By Barbara Cape, President of SEIU-West

These past few months, weeks and days have been incredibly busy for all of us. There have been so many changes suggested, recommended, mused about in our province, that everyday seems to bring a new challenge or update. There is a lot of anxiety and uncertainty in our daily lives as a result.

Some of this is due to the province’s budget woes. For some, it’s due to the creation of a provincial health authority and the lack of clear communications around the process or the status of our jobs. For others, it’s seeing service cuts and layoffs in the education and community-based sector. For our Direct Care Worker (DCW) brothers and sisters in Outlook, it’s being locked out of their workplaces by their employer because they won’t accept scraps at the bargaining table any more.Barb-Cape-Website-pic

The story of our members who work at Variety Place in Outlook is an incredible one! They were organized with SEIU-West in early 2011 and began the hard work of training member leaders and bargaining a collective agreement. In 2013, it was time to get back to the bargaining table – and they went back over and over and over, in good faith, in order to achieve a fair agreement. Sure, they got a wage reopener of 17 cents in those 4 years to ‘tide them over’ – but that ain’t much!

The top end of the pay scale is $17.49/hour – they do much of the exact same work as a Continuing Care Assistant (CCA) – but get paid substantially less.

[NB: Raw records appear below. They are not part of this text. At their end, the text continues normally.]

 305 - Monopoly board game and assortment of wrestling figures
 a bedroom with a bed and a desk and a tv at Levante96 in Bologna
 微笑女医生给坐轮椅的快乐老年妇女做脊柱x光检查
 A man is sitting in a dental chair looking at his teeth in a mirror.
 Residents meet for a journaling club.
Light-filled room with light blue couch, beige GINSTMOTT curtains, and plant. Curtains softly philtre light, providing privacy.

They face many of the safe workplace challenges that we do in other sectors: violent residents, unsafe equipment (or lack of equipment) and funding shortfalls that cripple their ability to provide quality nutrition or programming. But still – $17.49/hour!

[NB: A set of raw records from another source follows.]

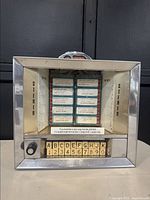 Front view of chrome Seeburg Wall-O-Matic tabletop jukebox selector showing glass display and push-button selection array.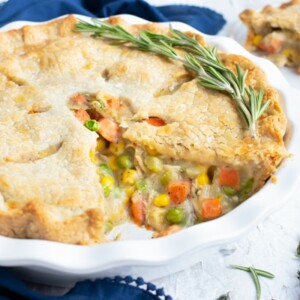 A healthy chicken pot pie recipe with a piece cut out that is full of carrots and peas.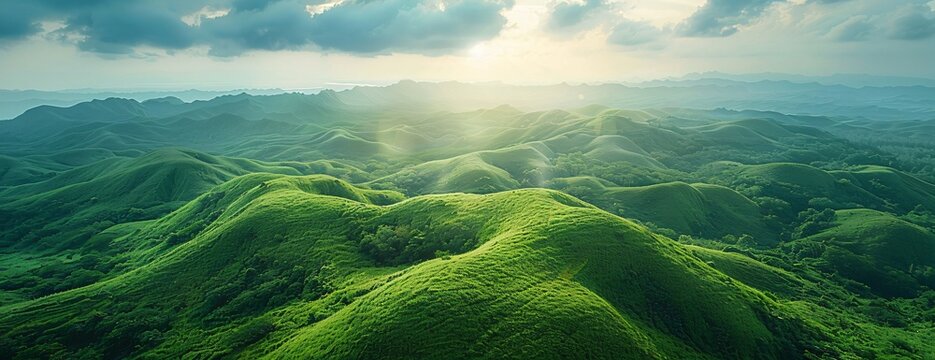 Lush green rolling hills under vibrant sky sun casting soft glow over landscape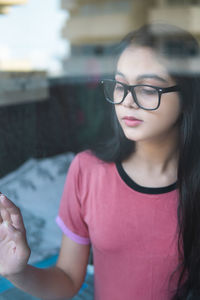 Portrait of young woman wearing sunglasses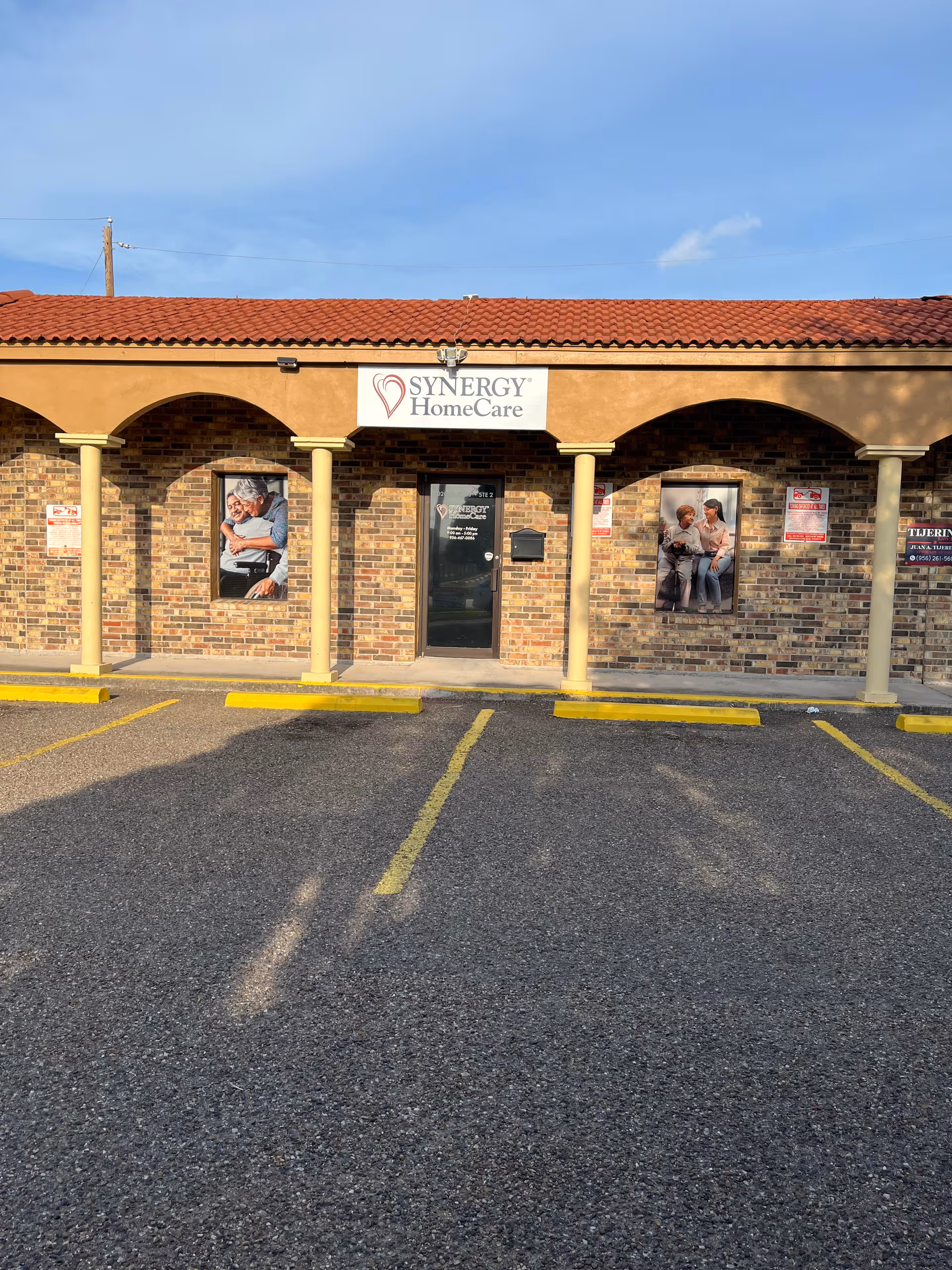 Exterior view of a Synergy HomeCare storefront with brick arches and a parking lot.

The staff bring in kitchen equipment from their own homes like blenders or can openers, because their employer will not purchase them. The employer gets funding from the Ministry of Social Services, and while we have asked for an audit and transparency from both the ministry and the employer, we have not received it. Variety Place is running an exceptional surplus: they are over $300,000 to the good – but nutrition is questionable; there is not enough staff; and there is very low pay.

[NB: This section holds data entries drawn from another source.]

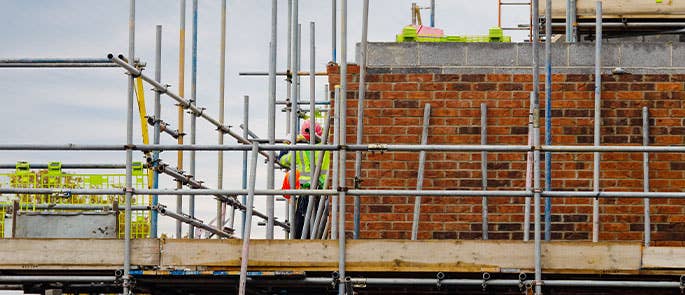 A worker on scaffolding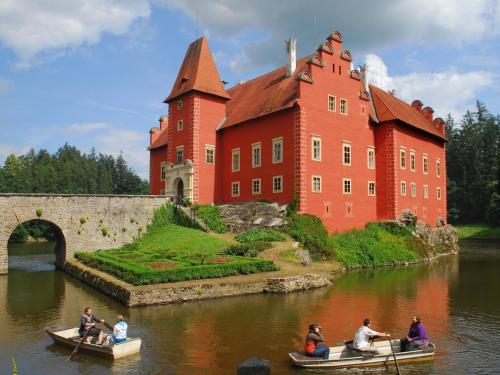 people in boats in the water in front of a castle at Hotel Concertino Zlatá Husa in Jindrichuv Hradec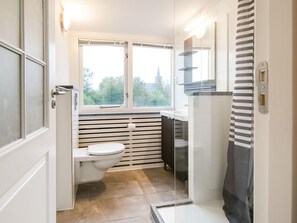 Ein kleines Badezimmer mit Toilette, Fenster und Duschbereich.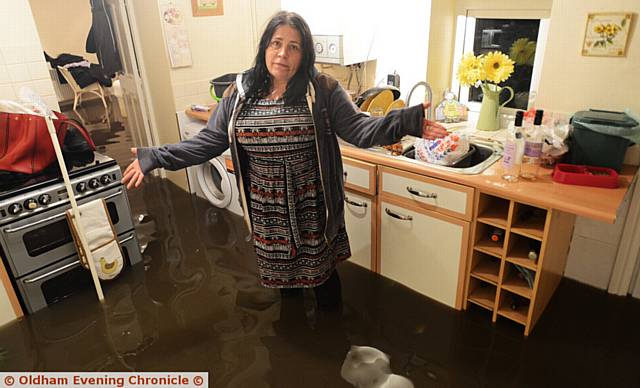KITCHEN misery . . . Lisa Watson in her flooded home in Chew Valley Road 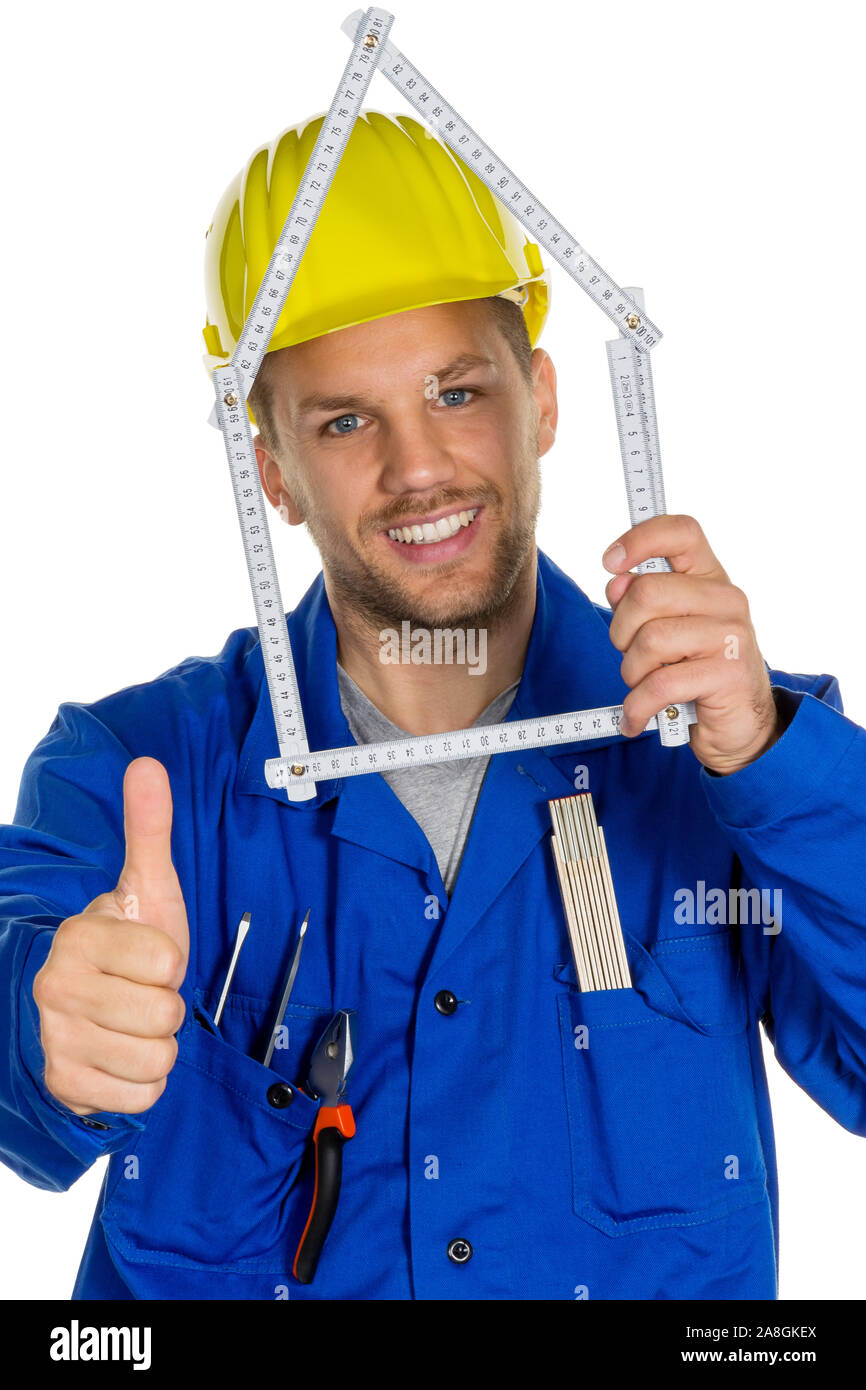 Ein Arbeiter in einem Gewerbebetrieb ( Handwerker ) mit Helm will ein Haus bauen. Stock Photo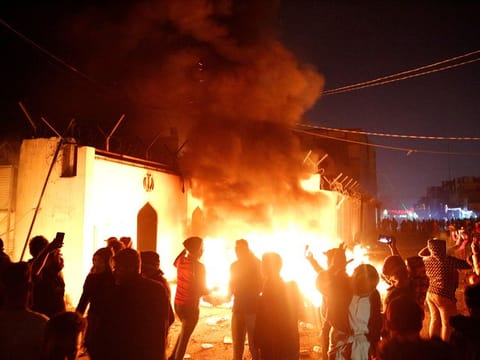 Demonstrators set fire in front of the Iranian consulate, as they gather during ongoing anti-government protests in Najaf, Iraq November 27, 2019.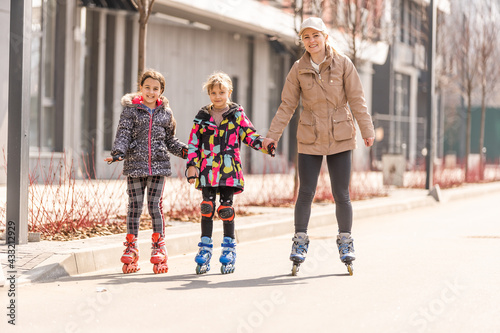 A happy family in roller skates, mother two and two daughters on roller skates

Some would say (and have said) that these workers knew what they were getting when they were hired; or that if they don’t like it, they should just quit. Well you and I both know that those are false options. In our working lives, just like our personal and community lives, we are supposed to make progress, to continually strive to be better. And that is no different with the locked out workers at Variety Place. Their employer has given up on being better – on reaching a fair collective agreement for all parties.

And still – $17.49/hour! These members served strike notice after bargaining for four years because they needed to make a stand for the good of their participants and their work.

Four years!?! Yes, because they had faith that their work was valued; that it was recognized and that their skill and professionalism was worth something. And it is!

But Variety Place is trying to play hard ball with the lives of many people who are vulnerable, who live in the community and believe that this work matters… so they locked out the workers of Variety Place. They thought our members would just roll over. But since May 21, they have been picketing, leafleting, chanting and working hard to get their employer to end the lock out, bring the residents home and get back to the bargaining table.

We all feel the uncertainty of the tremendous amount of change in our province…but at some point, we all need to make a stand and say ‘no more’! These twenty five active brothers and sisters are doing it – and so can we!